O FENÔMENO DO ENCONTRO
O fenômeno do encontro sempre se manifesta no deixar acontecer, no deixar ser o que só o ser pode ser; também se manifesta no dar livre curso a uma aproximação gradual que favorece a dignidade das almas envolvidas; enfim, ele acontece quando há o alinhamento e a harmonização de propósitos de vidas, destinos e de realidades que se interconectam num determinado tempo e espaço.
A palavra encontro em nossa língua tem uma riqueza bem pouco reconhecida e uma beleza em decorrência da transmutação de três pequenas palavras para a melhor composição de um todo cheio de sentido (o que já não podemos dizer tão bem de outras línguas a respeito dessa expressão, que melhor combina na performance gramatical do português).
Pois na língua portuguesa, o seu significado aparece bem melhor definido, trazendo uma grafia composta de três grafias que, sozinhas, se tornam quase vazias de sentido, embora sejam essenciais para a definição de situações. Essa palavra aglutinada (encontro), no que diz respeito a definição de seu significado, nos remete ao ir em direção do estranho, ou melhor dizendo, do diferente que vem a se tornar mais próximo de nossa existência, de nossa realidade, de nossa intimidade e de nossa vida anímica.
De maneira tão simples, percebemos uma aglutinação de duas preposições e um pronome indefinido. As preposições, ''em'' e ''com'', podem dar a entender, de uma vez, a ideia de morar no coração do outro ser e, ao mesmo tempo, de estar perto ou junto a alguém que passou a ser mais íntimo de um ser; já o pronome indefino, o pronome ''outro'', pode indicar aquele que pouco, quase nada ou até mesmo nada conhecemos em determinado instante, ou seja, não deixa de ser aquele que transcende a nós mesmos e ao nosso conhecimento, aquele que para nós subsiste um mistério (mas quem pode duvidar que, em certo momento, não possa vir-a-ser melhor conhecido e compreendido?).

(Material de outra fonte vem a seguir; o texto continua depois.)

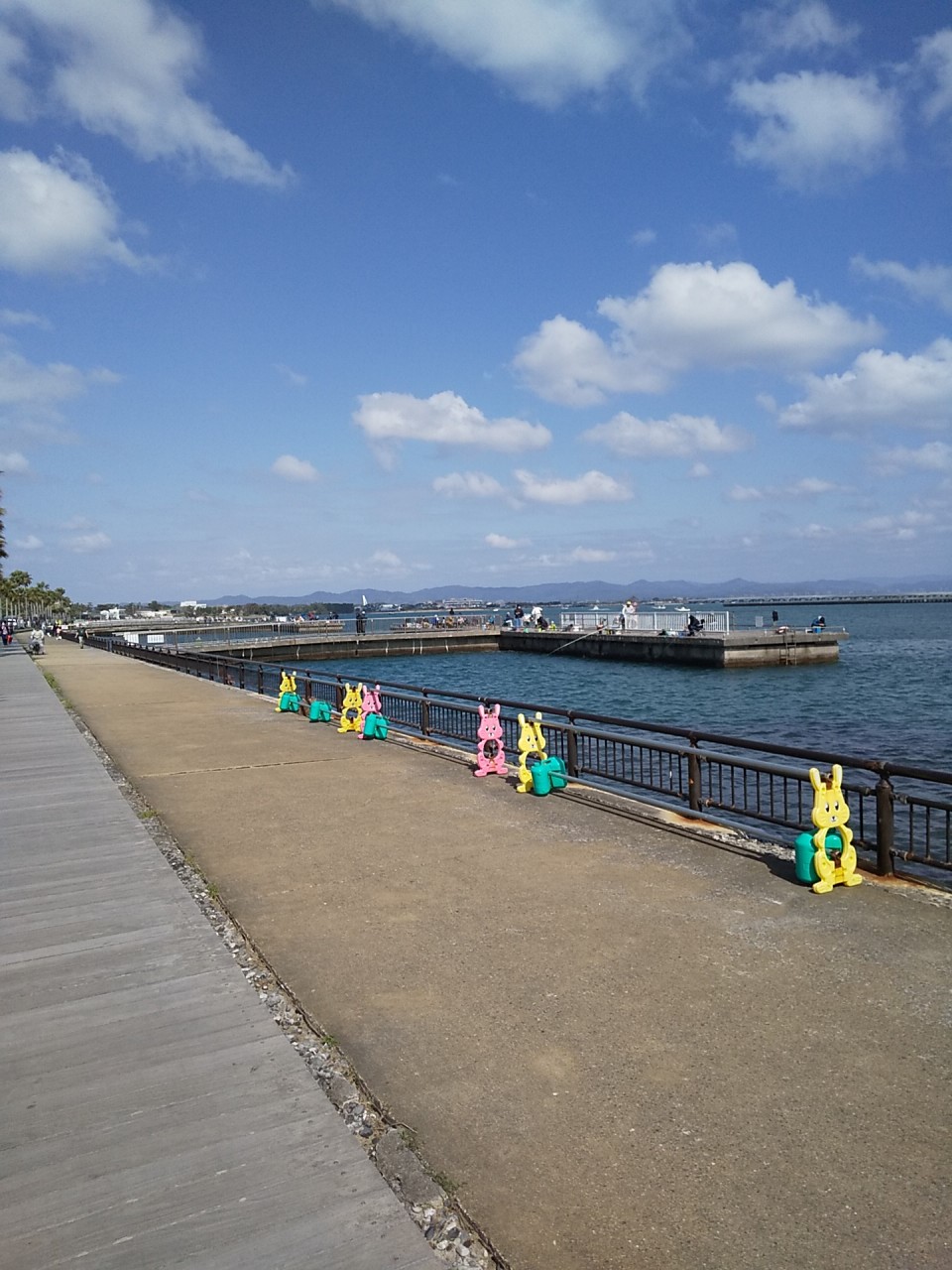 今すぐ釣りに行こう イシグロ 浜松高林店 表浜名湖 新居海釣公園 湖西市 釣具のイシグロ 釣り情報サイト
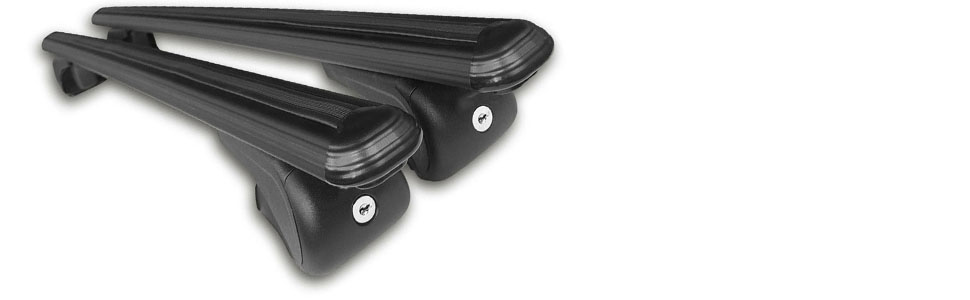 Roof Rack Accessories Jeep Liberty KK Black Car Bike Cargo Carrier Aluminum Luggage Bars Crossbar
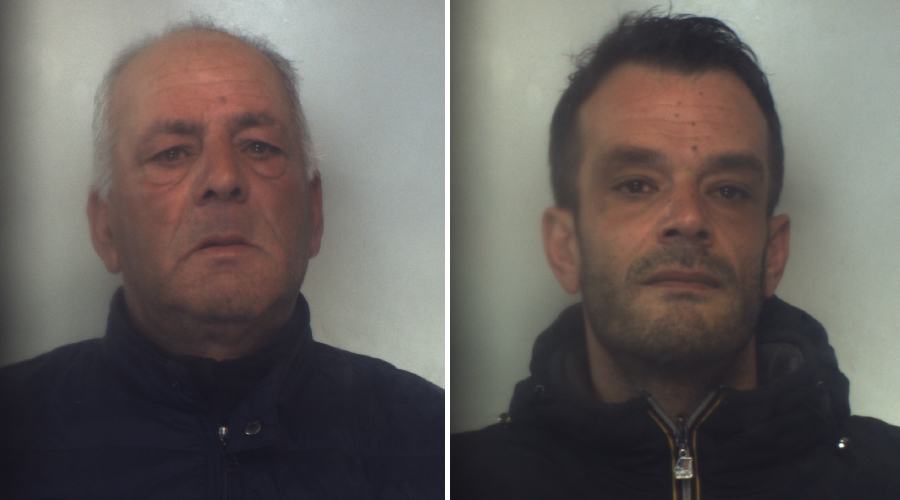 Commerciante 'strozzato' da due usurai, arrestati padre e figlio 51 Condro padre e figlio arrestati usura
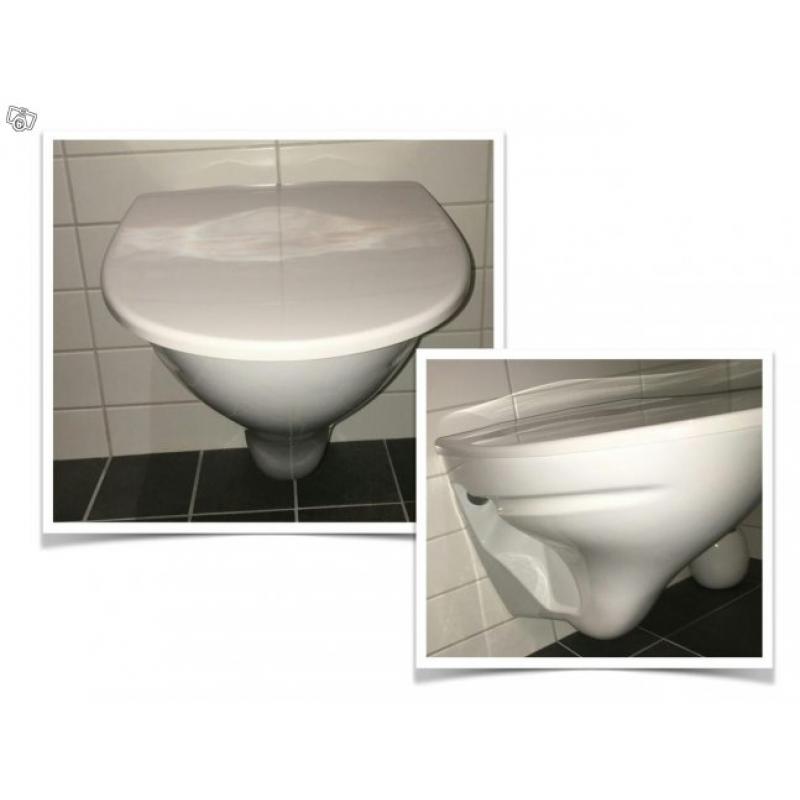 Ifö cera wc-stol vägghängd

Na verdade, estar-com-o-outro, viver-com-o-outro, ser-com-o-outro, se reconhecer-com-e-no-outro, só é possível mediante a arte sublime do encontro, do em-com-o-outro, um acontecimento que dá uma ideia do originário do despertar do outro em nós, e que só é possível graças ao milagre da vida que se vive no seu lançar-se na descoberta de outras realidades; e da esperança, da companheiricidade, da cumplicidade, do amor ou da amizade entre dois seres vivendo na radicalidade do desbravamento de um novo universo.
No encontro, nessa atmosfera ausente de obstáculos intransponíveis no interior de duas vidas responsáveis e comprometidas, reina a condição da não imposição do ato de fazer a vontade a qualquer preço, muitas vezes apostando até na realidade do milagre, dessa operação quântica e sobre-natural atuando de uma maneira surpreendente e espantosa no natural da vida. De fato, na fenomenologia do encontro está implícito a existência da espontaneidade, dos anseios e dos esforços mútuos no interior da própria relacionalidade, alimentando o imaginário do querer se efetivar a fascinante jornada da inter-ação, da inter-pelação do não conhecido no outro, da co-existência e da inter-subjetividade.

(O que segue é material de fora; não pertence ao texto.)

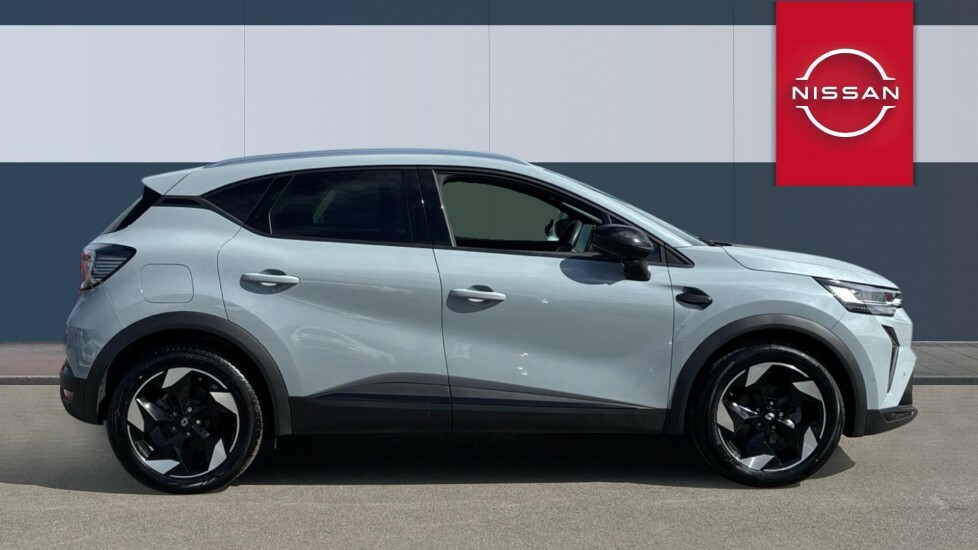 Renault Captur Techno Grey #5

Viver essa realidade é uma dádiva para quem está disposto, evidentemente, a descobrir um mundo desconhecido, o qual pode muito bem, se houver maturidade espiritual e coragem; se houver a disposição da com-apreensão e da reverência no que diz respeito ao mistério do outro, favorecer a riqueza do aprendizado mútuo das verdades da alma.
Não podemos negligenciar que a arte desse acontecimento extasiante chamado ''encontro'' demanda criatividade e sabedoria por parte de um ser buscando ser inteiro e mais dinâmico, em direção a um outro ser em busca também de sua autenticidade (e vice-versa): ambos sempre abertos ao olhar, ao abraço, ao diálogo, ao caminhar juntos e ao desnudamento do próprio coração em meio a aventura humana da intersubjetividade, um elo que pode conduzir a uma profunda transmutação de duas personalidades, ou seja, rumo ao autoconhecimento e ao (re)conhecimento dos fragmentos desse ser-humano recém-germinado no coração de outro-ser-humano, no chamado fenômeno do se reconhecer entre si e no se relacionar que gera a comunhão, o afeto recíproco e o diálogo.